You Become the Solution, Not a Competitor

When homeowners see “$89 to mount your TV” instead of “call for quote,” you’re not competing on price anymore. You’re competing on convenience.

Traditional: “I’ll come look and give you a quote”
Flat-rate: “TV mounting is $89, I can do it Thursday at 2pm”

Guess which one gets the job?

Your Time Becomes Productive Time

Instead of driving around measuring jobs, you’re either:

  • Doing paid work
  • Marketing to get more paid work
  • Enjoying time off

No more “quote appointments” that pay nothing.

Customers Actually Prefer It

Homeowners hate the quote process as much as you do.

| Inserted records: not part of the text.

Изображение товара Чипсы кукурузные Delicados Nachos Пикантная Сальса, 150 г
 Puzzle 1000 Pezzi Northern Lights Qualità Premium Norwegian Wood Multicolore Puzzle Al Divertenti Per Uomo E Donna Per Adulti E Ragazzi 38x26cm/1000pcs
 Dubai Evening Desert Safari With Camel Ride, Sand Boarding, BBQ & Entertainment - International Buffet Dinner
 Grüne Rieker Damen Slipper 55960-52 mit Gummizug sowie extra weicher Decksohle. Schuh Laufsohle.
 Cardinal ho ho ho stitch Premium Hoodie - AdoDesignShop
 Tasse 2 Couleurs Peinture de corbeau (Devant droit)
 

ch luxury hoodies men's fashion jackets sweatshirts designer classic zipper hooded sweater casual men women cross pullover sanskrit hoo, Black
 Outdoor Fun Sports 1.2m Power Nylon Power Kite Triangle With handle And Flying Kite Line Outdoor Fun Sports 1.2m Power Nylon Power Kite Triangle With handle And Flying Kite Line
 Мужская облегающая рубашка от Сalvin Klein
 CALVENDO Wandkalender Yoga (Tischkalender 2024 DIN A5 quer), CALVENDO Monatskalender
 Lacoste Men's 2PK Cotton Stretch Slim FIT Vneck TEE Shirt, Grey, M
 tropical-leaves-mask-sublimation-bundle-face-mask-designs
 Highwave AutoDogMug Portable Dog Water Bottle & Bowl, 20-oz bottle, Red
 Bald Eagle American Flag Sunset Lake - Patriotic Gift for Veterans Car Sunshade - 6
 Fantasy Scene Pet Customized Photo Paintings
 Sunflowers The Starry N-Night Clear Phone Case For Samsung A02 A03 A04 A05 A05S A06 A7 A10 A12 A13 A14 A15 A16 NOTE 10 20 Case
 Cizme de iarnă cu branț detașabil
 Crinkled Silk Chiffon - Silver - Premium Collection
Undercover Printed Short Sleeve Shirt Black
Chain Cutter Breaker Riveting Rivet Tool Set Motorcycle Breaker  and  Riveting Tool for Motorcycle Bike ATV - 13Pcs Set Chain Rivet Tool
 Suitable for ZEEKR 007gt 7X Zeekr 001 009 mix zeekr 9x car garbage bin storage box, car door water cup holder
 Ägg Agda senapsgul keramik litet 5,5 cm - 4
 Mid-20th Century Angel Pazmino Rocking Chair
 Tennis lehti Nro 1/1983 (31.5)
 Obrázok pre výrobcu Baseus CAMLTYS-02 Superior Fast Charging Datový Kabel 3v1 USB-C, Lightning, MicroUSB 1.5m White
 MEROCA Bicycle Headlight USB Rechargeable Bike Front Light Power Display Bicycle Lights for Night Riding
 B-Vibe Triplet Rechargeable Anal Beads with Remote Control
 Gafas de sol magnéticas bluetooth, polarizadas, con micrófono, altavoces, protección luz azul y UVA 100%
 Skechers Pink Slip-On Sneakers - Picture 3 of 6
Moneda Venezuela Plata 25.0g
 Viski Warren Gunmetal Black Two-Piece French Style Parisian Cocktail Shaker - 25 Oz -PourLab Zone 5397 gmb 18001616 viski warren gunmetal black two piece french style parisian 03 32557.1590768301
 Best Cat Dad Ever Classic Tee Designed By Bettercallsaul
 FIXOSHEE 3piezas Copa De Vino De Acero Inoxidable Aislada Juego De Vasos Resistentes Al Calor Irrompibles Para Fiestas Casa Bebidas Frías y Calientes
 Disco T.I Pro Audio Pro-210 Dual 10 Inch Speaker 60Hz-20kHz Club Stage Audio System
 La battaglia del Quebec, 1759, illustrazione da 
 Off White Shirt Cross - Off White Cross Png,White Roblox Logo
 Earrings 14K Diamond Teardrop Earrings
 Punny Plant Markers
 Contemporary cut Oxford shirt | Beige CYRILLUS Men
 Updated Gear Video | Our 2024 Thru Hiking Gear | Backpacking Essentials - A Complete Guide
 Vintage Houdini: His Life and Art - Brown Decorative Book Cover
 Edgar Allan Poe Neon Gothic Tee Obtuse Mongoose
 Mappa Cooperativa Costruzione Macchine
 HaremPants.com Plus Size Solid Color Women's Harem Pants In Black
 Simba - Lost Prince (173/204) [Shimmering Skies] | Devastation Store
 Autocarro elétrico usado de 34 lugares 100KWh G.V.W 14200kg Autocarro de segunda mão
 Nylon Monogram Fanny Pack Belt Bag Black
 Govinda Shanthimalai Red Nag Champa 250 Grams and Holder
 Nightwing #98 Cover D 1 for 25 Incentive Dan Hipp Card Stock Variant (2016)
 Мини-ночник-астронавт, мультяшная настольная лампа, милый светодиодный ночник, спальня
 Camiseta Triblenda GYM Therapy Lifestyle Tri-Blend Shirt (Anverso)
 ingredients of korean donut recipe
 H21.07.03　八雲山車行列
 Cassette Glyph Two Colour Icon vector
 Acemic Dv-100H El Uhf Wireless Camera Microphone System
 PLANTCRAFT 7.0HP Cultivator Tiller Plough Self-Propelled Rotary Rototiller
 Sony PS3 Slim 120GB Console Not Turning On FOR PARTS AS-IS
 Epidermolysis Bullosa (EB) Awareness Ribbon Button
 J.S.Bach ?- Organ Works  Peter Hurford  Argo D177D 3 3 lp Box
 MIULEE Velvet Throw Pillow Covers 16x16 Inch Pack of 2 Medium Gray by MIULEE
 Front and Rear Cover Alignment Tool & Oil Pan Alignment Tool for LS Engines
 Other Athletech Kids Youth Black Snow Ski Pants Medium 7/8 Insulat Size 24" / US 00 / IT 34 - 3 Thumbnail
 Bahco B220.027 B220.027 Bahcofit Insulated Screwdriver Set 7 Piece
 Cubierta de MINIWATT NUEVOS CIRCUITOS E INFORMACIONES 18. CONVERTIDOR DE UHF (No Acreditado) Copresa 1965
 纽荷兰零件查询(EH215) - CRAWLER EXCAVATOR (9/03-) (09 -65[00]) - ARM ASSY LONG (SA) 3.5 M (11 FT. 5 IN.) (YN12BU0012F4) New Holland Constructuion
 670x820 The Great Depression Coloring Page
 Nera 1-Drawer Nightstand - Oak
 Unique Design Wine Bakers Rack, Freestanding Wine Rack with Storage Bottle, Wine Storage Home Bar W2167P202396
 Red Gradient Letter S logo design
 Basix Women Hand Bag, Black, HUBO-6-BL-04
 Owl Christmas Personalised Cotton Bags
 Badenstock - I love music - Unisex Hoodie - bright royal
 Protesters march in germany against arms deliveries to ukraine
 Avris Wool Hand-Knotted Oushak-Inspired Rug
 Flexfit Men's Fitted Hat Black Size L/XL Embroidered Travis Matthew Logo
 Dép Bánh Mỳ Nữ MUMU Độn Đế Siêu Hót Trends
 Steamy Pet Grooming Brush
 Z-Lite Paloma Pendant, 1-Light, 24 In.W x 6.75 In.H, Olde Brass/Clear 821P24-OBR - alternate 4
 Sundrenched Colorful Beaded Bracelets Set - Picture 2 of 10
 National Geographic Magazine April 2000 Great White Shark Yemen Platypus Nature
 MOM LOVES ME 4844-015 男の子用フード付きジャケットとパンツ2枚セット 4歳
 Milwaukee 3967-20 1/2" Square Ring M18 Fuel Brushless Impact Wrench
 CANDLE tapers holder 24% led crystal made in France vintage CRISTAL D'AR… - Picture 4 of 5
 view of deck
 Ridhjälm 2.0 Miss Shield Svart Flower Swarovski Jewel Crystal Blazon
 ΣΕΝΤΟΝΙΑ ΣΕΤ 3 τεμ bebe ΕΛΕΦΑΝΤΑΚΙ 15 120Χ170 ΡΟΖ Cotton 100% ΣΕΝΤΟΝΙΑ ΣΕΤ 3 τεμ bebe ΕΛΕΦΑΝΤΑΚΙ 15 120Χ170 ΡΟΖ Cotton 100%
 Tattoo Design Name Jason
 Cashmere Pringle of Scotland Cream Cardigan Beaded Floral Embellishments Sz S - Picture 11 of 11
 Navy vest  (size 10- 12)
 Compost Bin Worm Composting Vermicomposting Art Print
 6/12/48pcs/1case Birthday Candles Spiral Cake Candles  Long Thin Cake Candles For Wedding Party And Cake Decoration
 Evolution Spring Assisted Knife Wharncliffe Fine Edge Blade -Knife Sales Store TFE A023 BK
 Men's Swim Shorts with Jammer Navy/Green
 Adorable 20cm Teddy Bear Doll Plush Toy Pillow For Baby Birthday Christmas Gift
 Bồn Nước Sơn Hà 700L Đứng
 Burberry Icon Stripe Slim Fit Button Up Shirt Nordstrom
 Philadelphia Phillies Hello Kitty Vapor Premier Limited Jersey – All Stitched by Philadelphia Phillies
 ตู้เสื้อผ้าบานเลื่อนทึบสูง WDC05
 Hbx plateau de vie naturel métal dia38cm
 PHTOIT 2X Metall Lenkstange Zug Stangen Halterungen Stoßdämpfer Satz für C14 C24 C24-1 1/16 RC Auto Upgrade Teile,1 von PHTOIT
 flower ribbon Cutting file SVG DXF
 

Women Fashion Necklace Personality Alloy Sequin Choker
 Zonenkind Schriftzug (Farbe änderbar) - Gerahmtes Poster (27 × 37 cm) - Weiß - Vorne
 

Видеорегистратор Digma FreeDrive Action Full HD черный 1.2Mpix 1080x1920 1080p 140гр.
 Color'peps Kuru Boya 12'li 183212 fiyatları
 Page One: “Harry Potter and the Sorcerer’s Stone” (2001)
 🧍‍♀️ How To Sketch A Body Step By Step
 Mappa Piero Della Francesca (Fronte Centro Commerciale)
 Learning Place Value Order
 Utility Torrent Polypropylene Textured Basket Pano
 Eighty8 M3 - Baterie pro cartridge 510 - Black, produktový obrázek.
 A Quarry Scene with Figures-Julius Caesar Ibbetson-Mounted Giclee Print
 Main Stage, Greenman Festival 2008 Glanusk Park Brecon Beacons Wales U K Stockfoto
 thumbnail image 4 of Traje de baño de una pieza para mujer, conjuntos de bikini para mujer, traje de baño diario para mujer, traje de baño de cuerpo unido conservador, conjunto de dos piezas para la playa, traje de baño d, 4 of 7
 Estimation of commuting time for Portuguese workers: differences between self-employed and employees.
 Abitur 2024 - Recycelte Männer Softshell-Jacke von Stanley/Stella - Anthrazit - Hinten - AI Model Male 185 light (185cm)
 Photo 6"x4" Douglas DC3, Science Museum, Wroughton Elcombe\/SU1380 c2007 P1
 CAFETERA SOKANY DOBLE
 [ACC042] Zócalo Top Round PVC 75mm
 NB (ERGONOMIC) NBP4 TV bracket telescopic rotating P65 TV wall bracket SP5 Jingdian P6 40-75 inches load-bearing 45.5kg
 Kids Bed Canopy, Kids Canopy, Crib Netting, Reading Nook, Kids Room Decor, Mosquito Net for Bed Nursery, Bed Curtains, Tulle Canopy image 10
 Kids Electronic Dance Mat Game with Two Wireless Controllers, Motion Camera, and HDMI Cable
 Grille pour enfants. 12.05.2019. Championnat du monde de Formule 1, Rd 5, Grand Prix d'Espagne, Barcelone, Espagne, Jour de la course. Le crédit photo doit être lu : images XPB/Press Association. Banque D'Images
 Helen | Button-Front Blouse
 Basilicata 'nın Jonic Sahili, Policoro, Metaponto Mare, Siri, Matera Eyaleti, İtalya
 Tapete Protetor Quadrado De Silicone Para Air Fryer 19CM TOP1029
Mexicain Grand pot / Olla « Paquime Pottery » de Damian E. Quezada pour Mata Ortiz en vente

They want to know the price upfront and get their problem solved quickly.

What customers really think:

  • “Why do I need 3 people to come look at mounting a TV?”
  • “I just want to know what it costs”
  • “I don’t have time for all these appointments”

Flat-rate pricing gives them what they actually want.

The Services That Work Best for Flat-Rate

Perfect Fit Jobs

  • TV mounting (predictable time, clear scope)
  • Basic plumbing repairs (faucet replacement, toilet fixes)
  • Door adjustments (sticking doors, squeaky hinges)
  • Small drywall repairs (holes, cracks, touch-ups)
  • Caulking projects (bathroom, kitchen)
  • Furniture assembly (known time requirements)

Jobs to Avoid

  • Custom carpentry (too many variables)
  • Major renovations (scope creep guaranteed)
  • “While you’re here” requests (stick to the package)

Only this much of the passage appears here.